[Caption-style text data]
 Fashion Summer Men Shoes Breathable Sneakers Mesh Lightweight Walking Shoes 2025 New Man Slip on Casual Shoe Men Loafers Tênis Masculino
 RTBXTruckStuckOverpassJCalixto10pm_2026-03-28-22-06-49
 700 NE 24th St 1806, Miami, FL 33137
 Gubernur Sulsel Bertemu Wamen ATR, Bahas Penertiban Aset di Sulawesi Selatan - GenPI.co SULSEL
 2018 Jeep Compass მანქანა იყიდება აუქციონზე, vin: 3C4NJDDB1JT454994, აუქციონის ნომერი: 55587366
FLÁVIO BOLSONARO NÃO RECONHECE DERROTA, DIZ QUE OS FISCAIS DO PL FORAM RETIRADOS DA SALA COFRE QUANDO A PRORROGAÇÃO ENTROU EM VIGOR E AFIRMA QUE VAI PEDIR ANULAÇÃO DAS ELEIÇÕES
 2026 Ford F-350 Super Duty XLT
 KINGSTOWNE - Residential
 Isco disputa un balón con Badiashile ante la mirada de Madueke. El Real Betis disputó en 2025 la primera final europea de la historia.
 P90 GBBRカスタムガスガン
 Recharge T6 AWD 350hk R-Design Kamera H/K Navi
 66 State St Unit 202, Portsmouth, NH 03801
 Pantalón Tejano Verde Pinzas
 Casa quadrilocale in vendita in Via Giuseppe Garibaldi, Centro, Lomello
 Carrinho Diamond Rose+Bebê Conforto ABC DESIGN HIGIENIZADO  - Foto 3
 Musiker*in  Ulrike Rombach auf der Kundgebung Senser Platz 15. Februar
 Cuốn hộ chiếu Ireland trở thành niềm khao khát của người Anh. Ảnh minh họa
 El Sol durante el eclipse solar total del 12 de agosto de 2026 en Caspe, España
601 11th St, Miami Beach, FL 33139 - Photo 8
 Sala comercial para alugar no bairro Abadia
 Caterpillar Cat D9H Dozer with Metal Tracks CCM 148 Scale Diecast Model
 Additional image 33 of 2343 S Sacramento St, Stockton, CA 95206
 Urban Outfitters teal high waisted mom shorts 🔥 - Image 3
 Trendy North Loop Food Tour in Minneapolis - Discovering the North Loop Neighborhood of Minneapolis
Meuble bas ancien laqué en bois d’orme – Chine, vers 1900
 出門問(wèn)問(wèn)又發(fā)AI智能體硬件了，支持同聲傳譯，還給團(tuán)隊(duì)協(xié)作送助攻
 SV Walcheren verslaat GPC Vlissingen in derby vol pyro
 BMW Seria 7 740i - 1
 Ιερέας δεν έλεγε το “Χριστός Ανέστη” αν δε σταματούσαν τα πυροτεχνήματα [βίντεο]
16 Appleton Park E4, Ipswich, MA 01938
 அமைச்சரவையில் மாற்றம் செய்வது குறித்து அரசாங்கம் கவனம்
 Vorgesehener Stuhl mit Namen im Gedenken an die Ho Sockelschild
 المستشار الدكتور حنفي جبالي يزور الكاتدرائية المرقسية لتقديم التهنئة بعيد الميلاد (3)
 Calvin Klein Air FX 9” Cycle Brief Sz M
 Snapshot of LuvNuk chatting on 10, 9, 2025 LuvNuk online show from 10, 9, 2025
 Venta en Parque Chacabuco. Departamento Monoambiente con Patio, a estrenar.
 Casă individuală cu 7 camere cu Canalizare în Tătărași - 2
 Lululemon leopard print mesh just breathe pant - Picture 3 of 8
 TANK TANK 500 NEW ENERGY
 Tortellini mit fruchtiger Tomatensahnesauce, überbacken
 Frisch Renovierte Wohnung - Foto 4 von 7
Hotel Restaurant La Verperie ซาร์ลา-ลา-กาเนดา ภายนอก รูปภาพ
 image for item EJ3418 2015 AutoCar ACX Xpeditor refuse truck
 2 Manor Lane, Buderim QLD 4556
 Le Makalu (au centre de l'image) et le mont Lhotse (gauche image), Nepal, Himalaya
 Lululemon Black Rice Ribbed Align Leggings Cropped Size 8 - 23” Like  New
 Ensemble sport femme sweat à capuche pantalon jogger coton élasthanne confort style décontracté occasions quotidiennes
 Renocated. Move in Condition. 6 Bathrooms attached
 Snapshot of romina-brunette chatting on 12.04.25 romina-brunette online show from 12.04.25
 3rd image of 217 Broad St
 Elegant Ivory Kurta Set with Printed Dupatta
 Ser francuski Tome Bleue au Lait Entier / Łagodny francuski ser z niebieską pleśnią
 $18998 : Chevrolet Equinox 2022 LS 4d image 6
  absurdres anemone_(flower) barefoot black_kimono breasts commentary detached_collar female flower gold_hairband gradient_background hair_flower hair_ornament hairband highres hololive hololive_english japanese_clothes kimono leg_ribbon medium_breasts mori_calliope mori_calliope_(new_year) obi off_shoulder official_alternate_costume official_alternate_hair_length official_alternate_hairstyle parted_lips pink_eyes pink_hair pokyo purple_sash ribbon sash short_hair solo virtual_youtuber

## What is needed
Every record listed above should be reproduced exactly.

## Answer below
 Fashion Summer Men Shoes Breathable Sneakers Mesh Lightweight Walking Shoes 2025 New Man Slip on Casual Shoe Men Loafers Tênis Masculino
 RTBXTruckStuckOverpassJCalixto10pm_2026-03-28-22-06-49
 700 NE 24th St 1806, Miami, FL 33137
 Gubernur Sulsel Bertemu Wamen ATR, Bahas Penertiban Aset di Sulawesi Selatan - GenPI.co SULSEL
 2018 Jeep Compass მანქანა იყიდება აუქციონზე, vin: 3C4NJDDB1JT454994, აუქციონის ნომერი: 55587366
FLÁVIO BOLSONARO NÃO RECONHECE DERROTA, DIZ QUE OS FISCAIS DO PL FORAM RETIRADOS DA SALA COFRE QUANDO A PRORROGAÇÃO ENTROU EM VIGOR E AFIRMA QUE VAI PEDIR ANULAÇÃO DAS ELEIÇÕES
 2026 Ford F-350 Super Duty XLT
 KINGSTOWNE - Residential
 Isco disputa un balón con Badiashile ante la mirada de Madueke. El Real Betis disputó en 2025 la primera final europea de la historia.
 P90 GBBRカスタムガスガン
 Recharge T6 AWD 350hk R-Design Kamera H/K Navi
 66 State St Unit 202, Portsmouth, NH 03801
 Pantalón Tejano Verde Pinzas
 Casa quadrilocale in vendita in Via Giuseppe Garibaldi, Centro, Lomello
 Carrinho Diamond Rose+Bebê Conforto ABC DESIGN HIGIENIZADO  - Foto 3
 Musiker*in  Ulrike Rombach auf der Kundgebung Senser Platz 15. Februar
 Cuốn hộ chiếu Ireland trở thành niềm khao khát của người Anh. Ảnh minh họa
 El Sol durante el eclipse solar total del 12 de agosto de 2026 en Caspe, España
601 11th St, Miami Beach, FL 33139 - Photo 8
 Sala comercial para alugar no bairro Abadia
 Caterpillar Cat D9H Dozer with Metal Tracks CCM 148 Scale Diecast Model
 Additional image 33 of 2343 S Sacramento St, Stockton, CA 95206
 Urban Outfitters teal high waisted mom shorts 🔥 - Image 3
 Trendy North Loop Food Tour in Minneapolis - Discovering the North Loop Neighborhood of Minneapolis
Meuble bas ancien laqué en bois d’orme – Chine, vers 1900
 出門問(wèn)問(wèn)又發(fā)AI智能體硬件了，支持同聲傳譯，還給團(tuán)隊(duì)協(xié)作送助攻
 SV Walcheren verslaat GPC Vlissingen in derby vol pyro
 BMW Seria 7 740i - 1
 Ιερέας δεν έλεγε το “Χριστός Ανέστη” αν δε σταματούσαν τα πυροτεχνήματα [βίντεο]
16 Appleton Park E4, Ipswich, MA 01938
 அமைச்சரவையில் மாற்றம் செய்வது குறித்து அரசாங்கம் கவனம்
 Vorgesehener Stuhl mit Namen im Gedenken an die Ho Sockelschild
 المستشار الدكتور حنفي جبالي يزور الكاتدرائية المرقسية لتقديم التهنئة بعيد الميلاد (3)
 Calvin Klein Air FX 9” Cycle Brief Sz M
 Snapshot of LuvNuk chatting on 10, 9, 2025 LuvNuk online show from 10, 9, 2025
 Venta en Parque Chacabuco. Departamento Monoambiente con Patio, a estrenar.
 Casă individuală cu 7 camere cu Canalizare în Tătărași - 2
 Lululemon leopard print mesh just breathe pant - Picture 3 of 8
 TANK TANK 500 NEW ENERGY
 Tortellini mit fruchtiger Tomatensahnesauce, überbacken
 Frisch Renovierte Wohnung - Foto 4 von 7
Hotel Restaurant La Verperie ซาร์ลา-ลา-กาเนดา ภายนอก รูปภาพ
 image for item EJ3418 2015 AutoCar ACX Xpeditor refuse truck
 2 Manor Lane, Buderim QLD 4556
 Le Makalu (au centre de l'image) et le mont Lhotse (gauche image), Nepal, Himalaya
 Lululemon Black Rice Ribbed Align Leggings Cropped Size 8 - 23” Like  New
 Ensemble sport femme sweat à capuche pantalon jogger coton élasthanne confort style décontracté occasions quotidiennes
 Renocated. Move in Condition. 6 Bathrooms attached
 Snapshot of romina-brunette chatting on 12.04.25 romina-brunette online show from 12.04.25
 3rd image of 217 Broad St
 Elegant Ivory Kurta Set with Printed Dupatta
 Ser francuski Tome Bleue au Lait Entier / Łagodny francuski ser z niebieską pleśnią
 $18998 : Chevrolet Equinox 2022 LS 4d image 6
  absurdres anemone_(flower) barefoot black_kimono breasts commentary detached_collar female flower gold_hairband gradient_background hair_flower hair_ornament hairband highres hololive hololive_english japanese_clothes kimono leg_ribbon medium_breasts mori_calliope mori_calliope_(new_year) obi off_shoulder official_alternate_costume official_alternate_hair_length official_alternate_hairstyle parted_lips pink_eyes pink_hair pokyo purple_sash ribbon sash short_hair solo virtual_youtuber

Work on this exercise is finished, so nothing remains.